Richard Lechner (SPD) merkte an, dass die Anlieger schon seit Juni 2018 wegen des Oberflächen- und Grundwassers schreiben und reichlich rechtliche Beratungen stattgefunden hätten. Dass deswegen nun im Verfahren eine weitere „Pirouette gedreht“ werden müsse, sei „sehr ungut für die Leute, die günstige Wohnungen suchen und weiter warten müssen“.

„Bürger haben Planung von Anfang an mitgeschrieben“

Den Verdacht von Grünen-Rat Richard Lindl, dass man bei der Planung aufgrund von „wirtschaftlichen Interessen von Anfang an nicht den Bürgerwillen einbezogen“ habe, widersprach Schlier vehement: „Selten hat man sich bei einem Vorhaben so sehr mit dem Bürgerwillen beschäftigt. Die Bürger waren von Anfang an eingebunden und haben die Planung massiv mitgeschrieben. Deshalb kam es ja zu vielen Umplanungen, die zu der Vielzahl an Offenlegungen geführt haben.“

Petra Keitz-Dimpflmeier (SPD) erklärte, selten ein Verfahren erlebt zu haben, das „so viel mit Wasser zu tun hat. Selbst einem Laien erschließt sich, dass wir hier ein Problem haben“. Es sei begrüßenswert, hier so viel wie möglich zu unternehmen, um das zu lösen.

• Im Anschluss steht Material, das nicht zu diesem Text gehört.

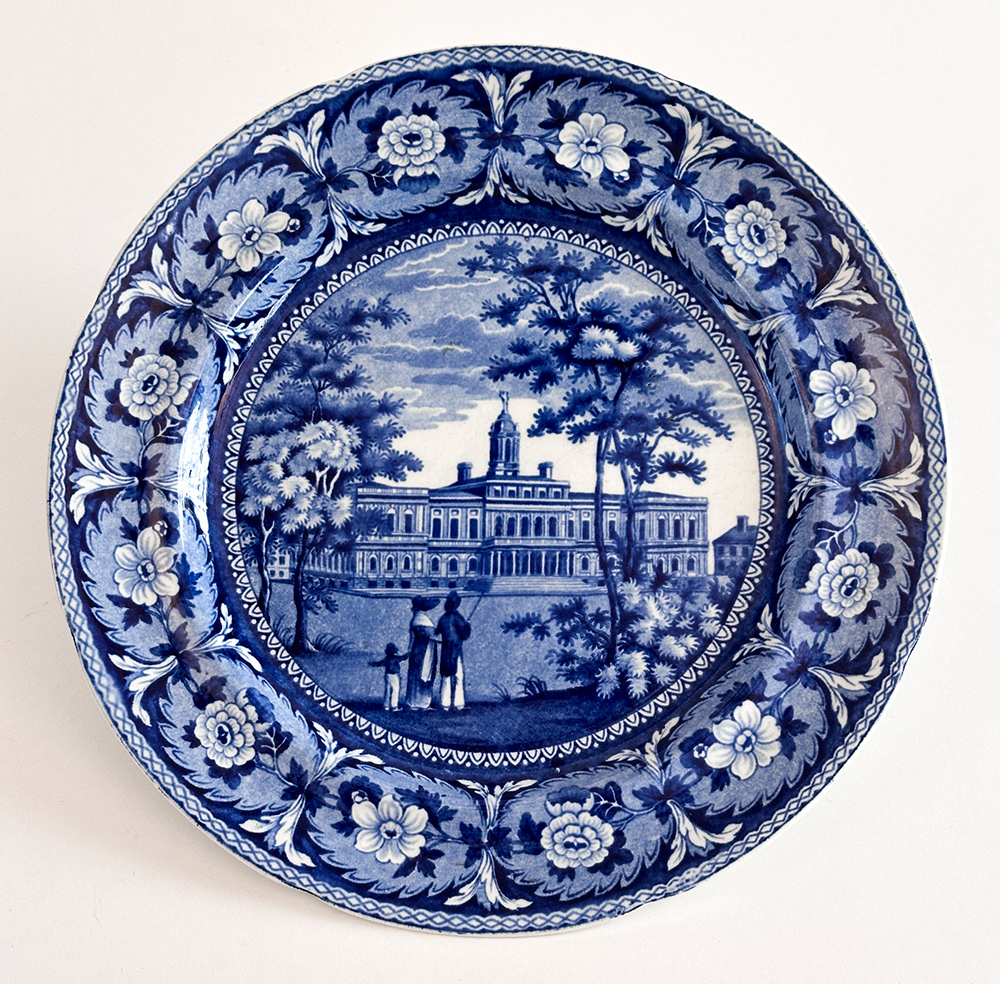 Beauties of America City Hall New York J and W Ridgway 8 Dark Blue Historical Staffordshire Plate For Sale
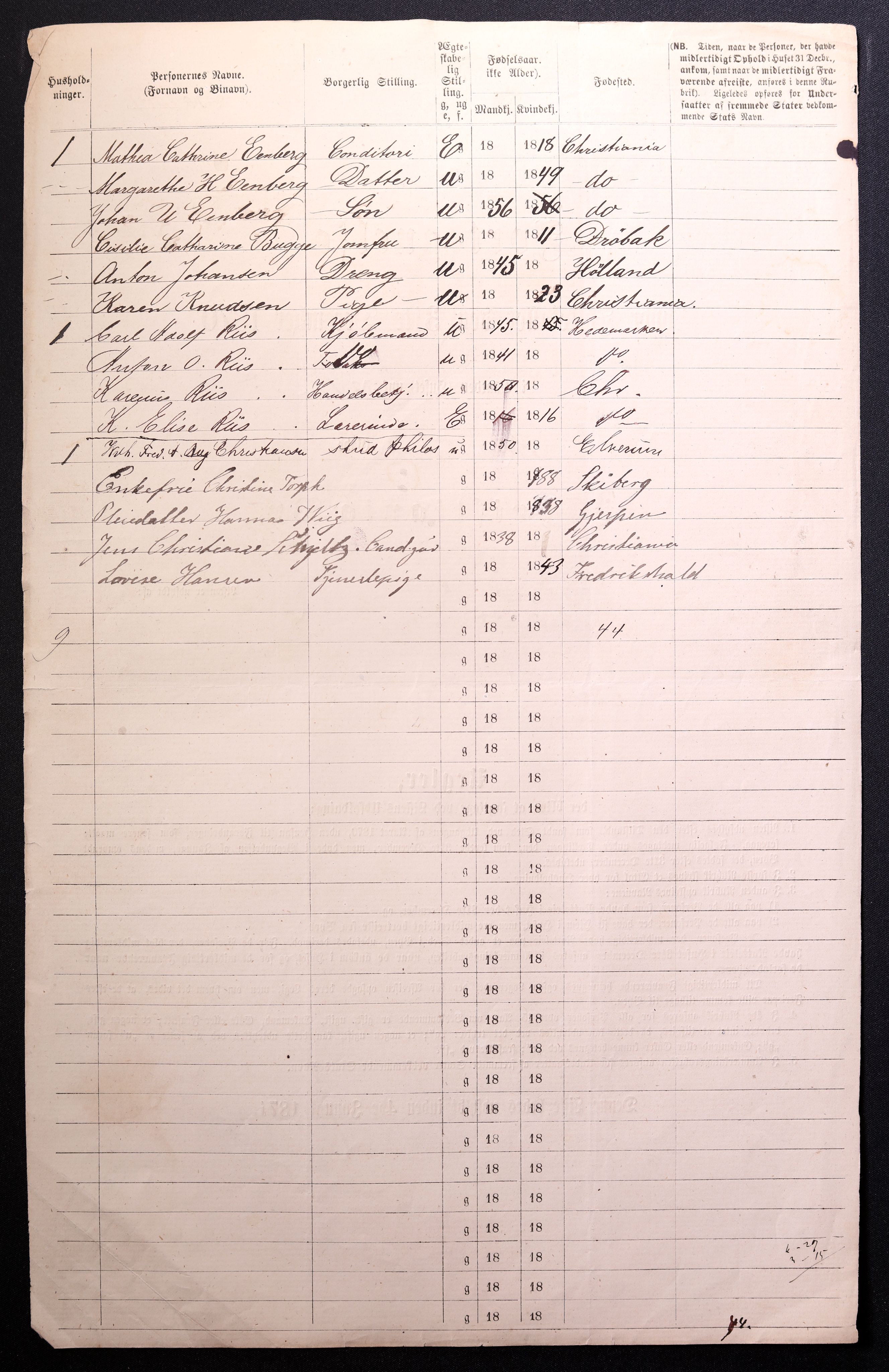 RA, 1870 census for 0301 Kristiania, 1870, p. 2509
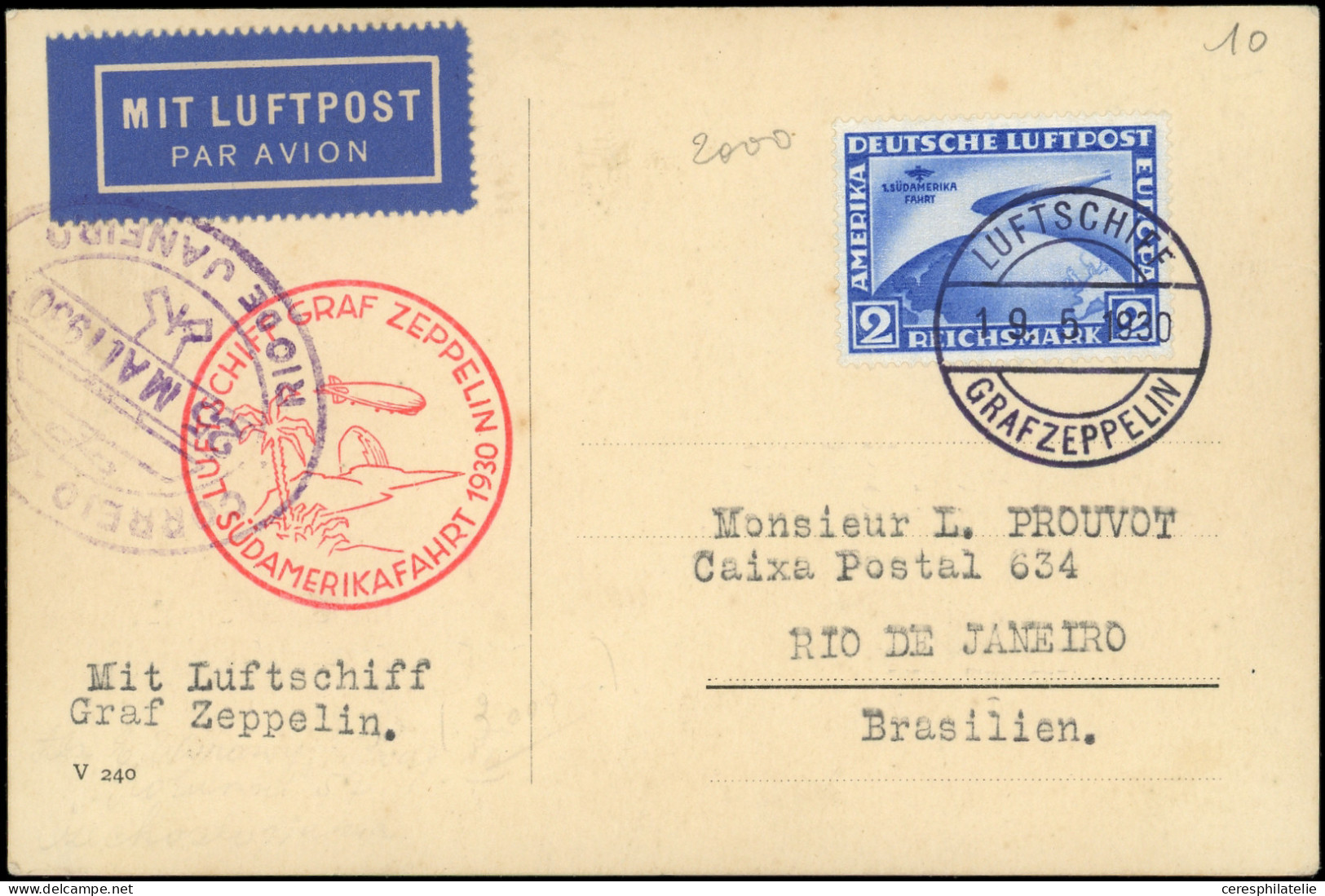 Let EMPIRE PA 38 : 2m. Outremer, SUDAMERIKA FAHRT Obl. LUFTSCHIFF/GRAFZEPPELIN 19/5/30 S. CP, Cachet Zeppelin, Arr. RIO  - Luchtpost & Zeppelin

„Die Aiblinger brauchen Wohnraum“

Dieter Bräunlich (ÜWG) bat, die Angelegenheit zu forcieren: „Die Aiblinger brauchen Wohnraum.“ Anita Fuchs (Grüne) sorgte sich, dass zusätzliche Regenkanäle das System der Stadt belasten könnten und sich das Hochwasserproblem auf Mühlbach und Glonn verlagere.

Mit 24:1 Stimmen beschloss das Gremium letztlich die erneute Auslegung. Doch zuvor müssen die von der Bürgerinitiative geforderten Punkte bezüglich der Wasserthematik in Abstimmung mit dem Wasserwirtschaftsamt geklärt werden.